THE TASK:
For this task, output exactly the lines of the material below starting at the line with "Shell &amp; Crystal Necklace" and ending at the line with "Portrait de AKRE Aboussou Roland"; pictures are to be excluded.
----- DATA EXCERPTS -----
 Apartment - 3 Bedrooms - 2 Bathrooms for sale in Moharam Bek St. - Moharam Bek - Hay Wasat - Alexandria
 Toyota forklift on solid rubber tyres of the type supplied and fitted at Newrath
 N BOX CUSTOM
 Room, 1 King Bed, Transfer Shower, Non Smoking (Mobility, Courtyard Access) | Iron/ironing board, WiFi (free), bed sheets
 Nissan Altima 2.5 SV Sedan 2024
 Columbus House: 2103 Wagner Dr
-----
----- DATA EXCERPTS -----
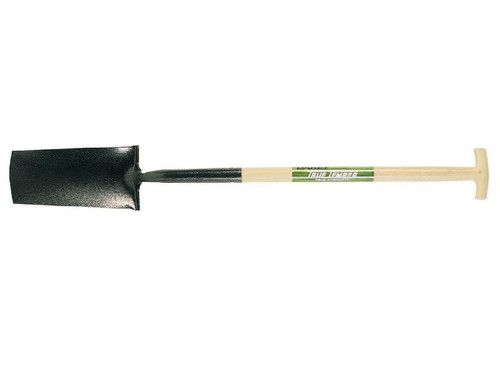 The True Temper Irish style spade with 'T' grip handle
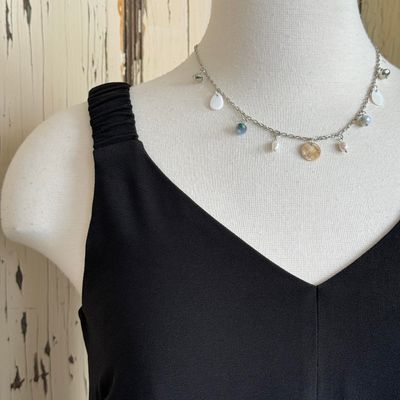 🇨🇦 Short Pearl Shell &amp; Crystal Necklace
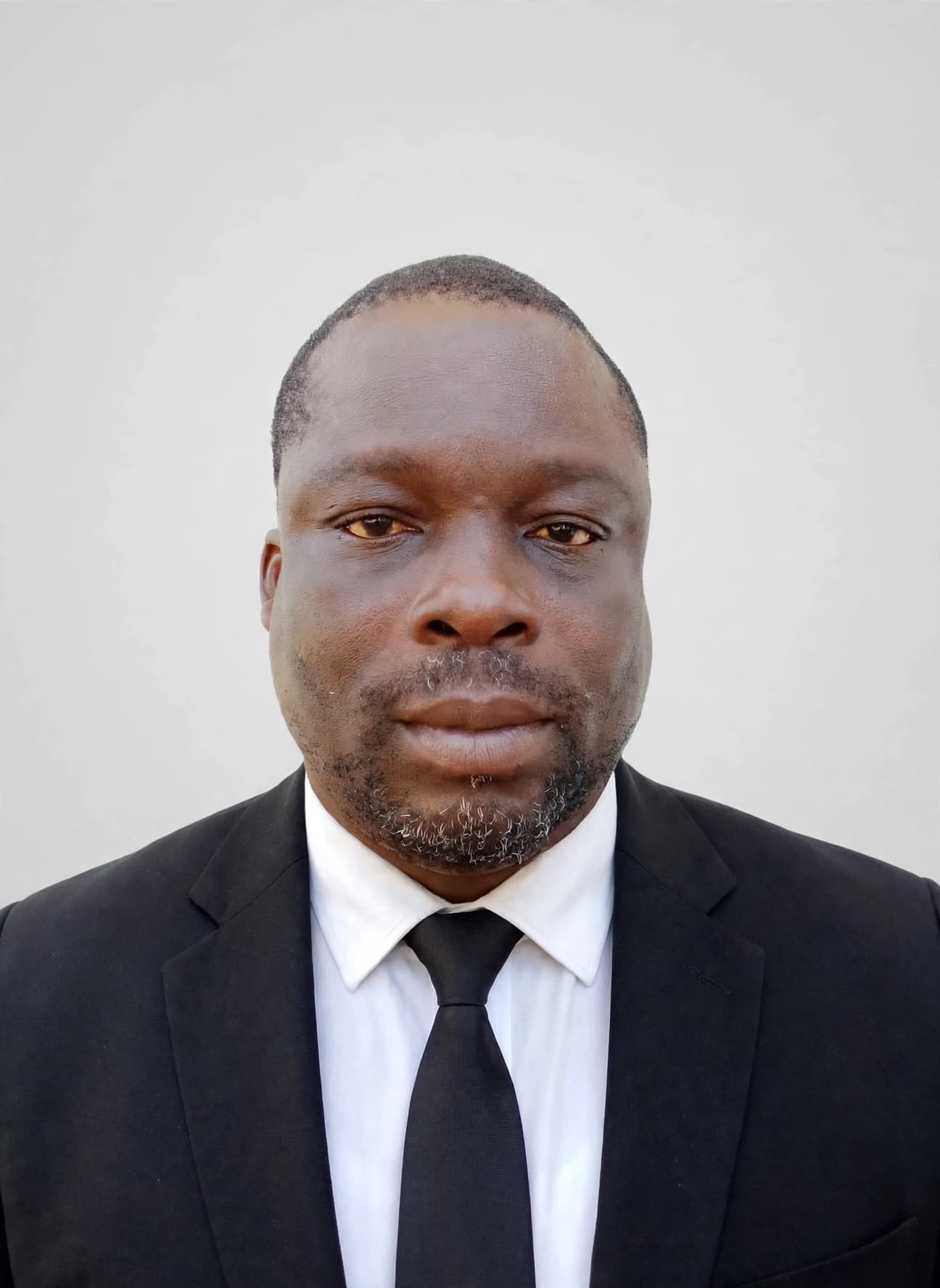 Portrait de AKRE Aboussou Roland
-----
EXERCISE RESULT:
 🇨🇦 Short Pearl Shell &amp; Crystal Necklace
 Portrait de AKRE Aboussou Roland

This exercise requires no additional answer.